--- Entries provided Enclosed Below ---
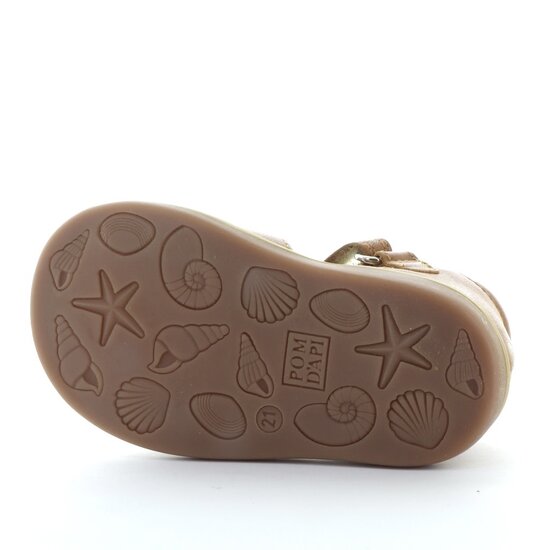 Pom d'api poppy easy camel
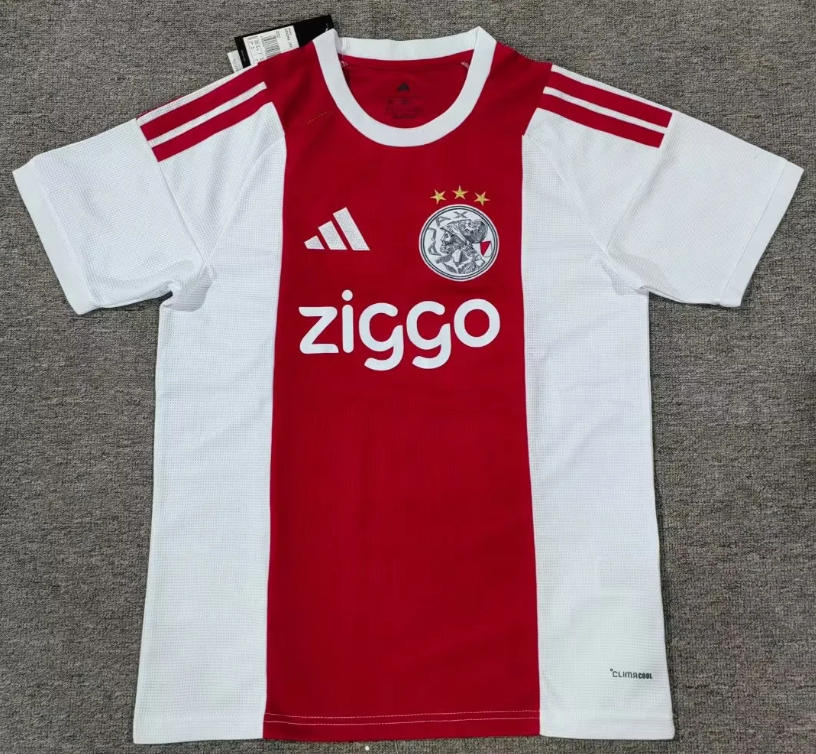 Camiseta Ajax 26/27 (tallas S-4XL)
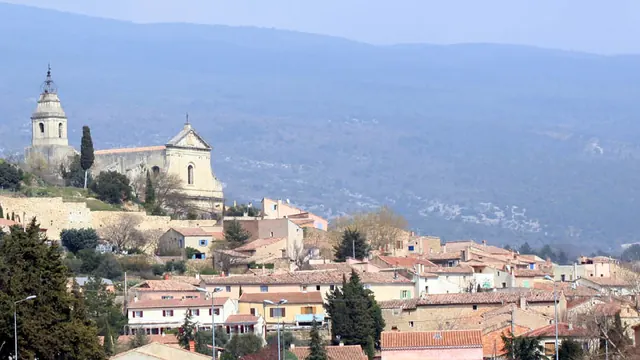 Photo de Bédoin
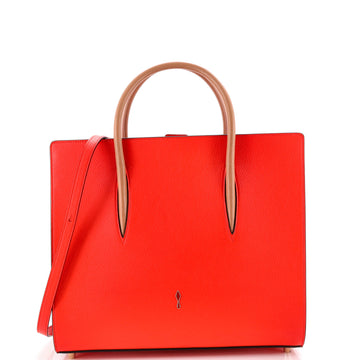 Christian Louboutin Paloma Tote Leather Large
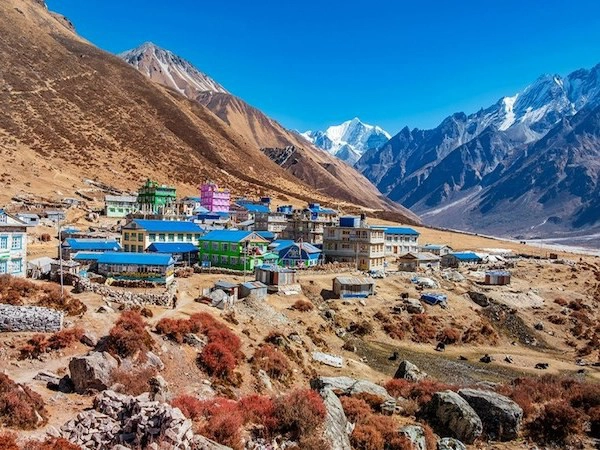 Langtang Valley Trek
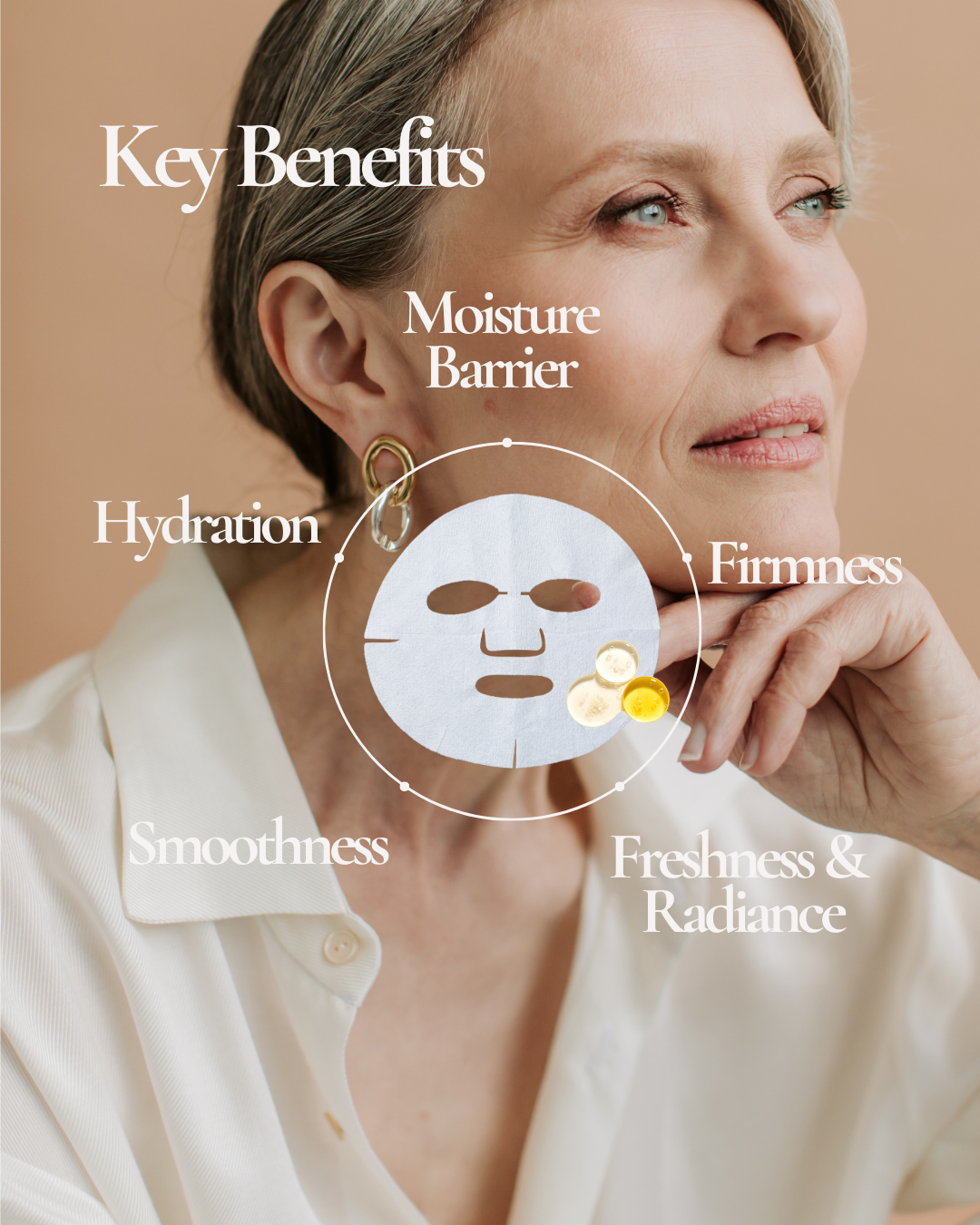 AG Ultimate  Essence Mask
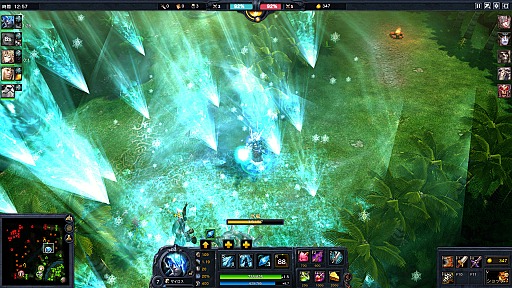 画像ギャラリー No.015のサムネイル画像 / 国内MOBAの先陣を切るセガの「カオス ヒーローズ オンライン」,日本サービスで気になるところを開発&運営スタッフに聞いてみた。セガキャラクターも登場か?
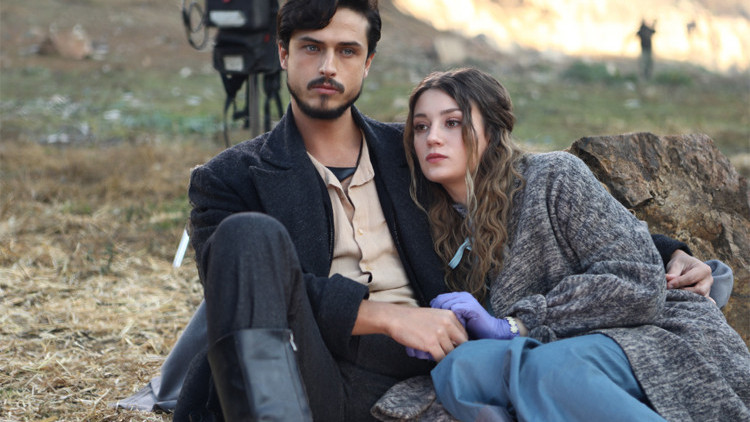 Mahsusa filminin çekimleri tamamlandı Mahsusa filminin çekimleri tamamlandı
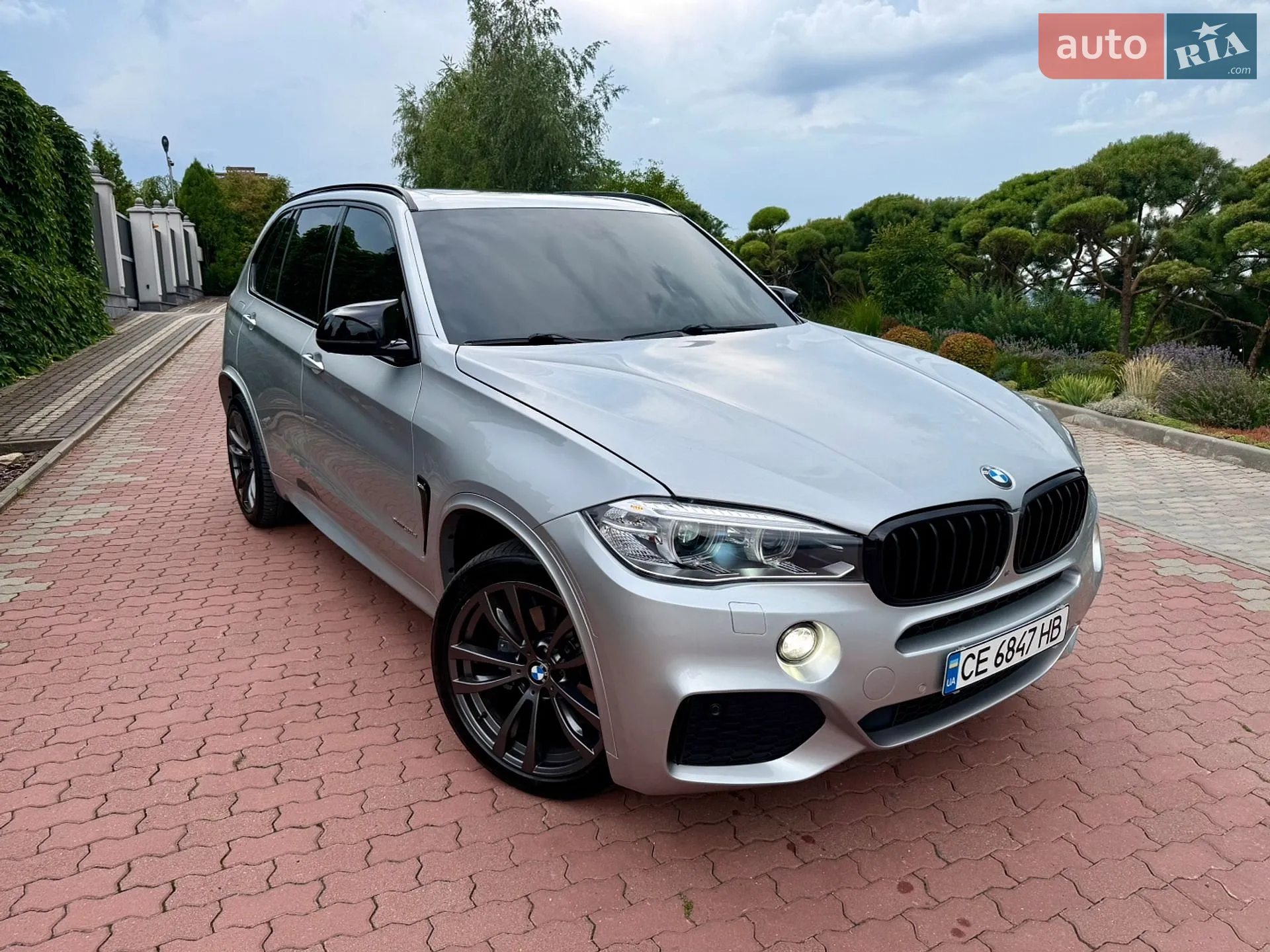 2014 BMW X5 - мініатюра 2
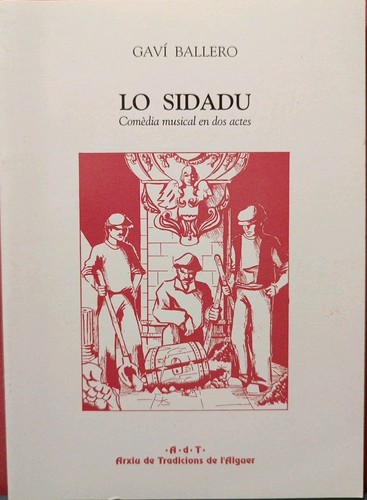Sidadu comedia musical - sidadu,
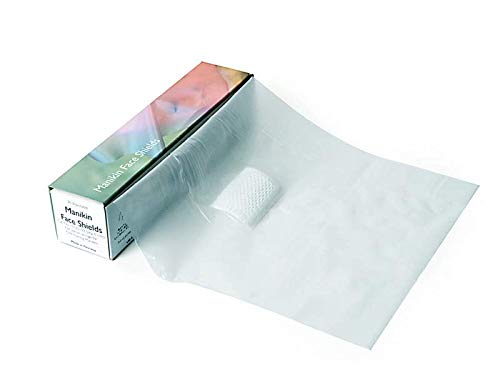Laerdal Manikin - Scudo viso per rianimazione su rotolo, A566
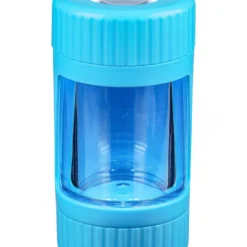 DankStop LED Viewing Chamber Stash Jar And Grinder New Arrivals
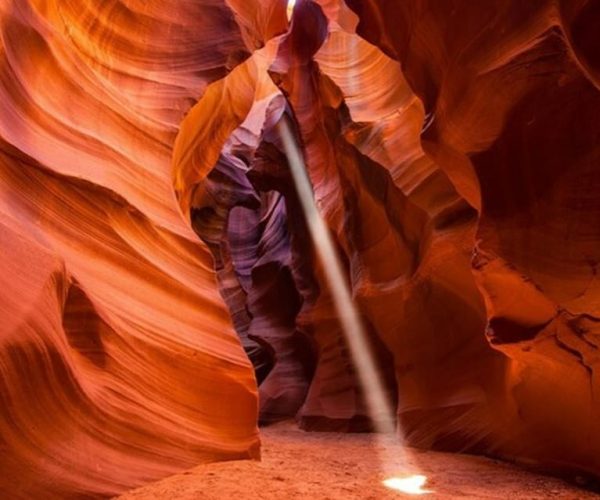 Page: Upper Antelope Canyon Walking Tour with Local Guide – Upper Antelope Canyon, Arizona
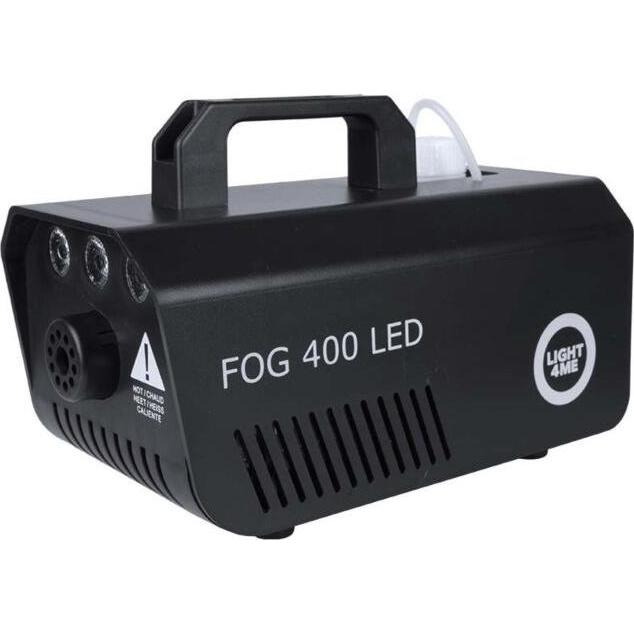 Light4Me GIG SET 1 - Wytwornica dymu 400W LED, Macchina fumo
--- End of Enclosed Entries provided ---
→ Required work: Produce an exact copy of each line of data, skipping embedded images.

→ Finished task:
 Pom d'api poppy easy camel
 Camiseta Ajax 26/27 (tallas S-4XL)
 Photo de Bédoin
 Christian Louboutin Paloma Tote Leather Large
 Langtang Valley Trek
 AG Ultimate  Essence Mask
 画像ギャラリー No.015のサムネイル画像 / 国内MOBAの先陣を切るセガの「カオス ヒーローズ オンライン」,日本サービスで気になるところを開発&運営スタッフに聞いてみた。セガキャラクターも登場か?
 Mahsusa filminin çekimleri tamamlandı Mahsusa filminin çekimleri tamamlandı
 2014 BMW X5 - мініатюра 2
Sidadu comedia musical - sidadu,
Laerdal Manikin - Scudo viso per rianimazione su rotolo, A566
 DankStop LED Viewing Chamber Stash Jar And Grinder New Arrivals
 Page: Upper Antelope Canyon Walking Tour with Local Guide – Upper Antelope Canyon, Arizona
 Light4Me GIG SET 1 - Wytwornica dymu 400W LED, Macchina fumo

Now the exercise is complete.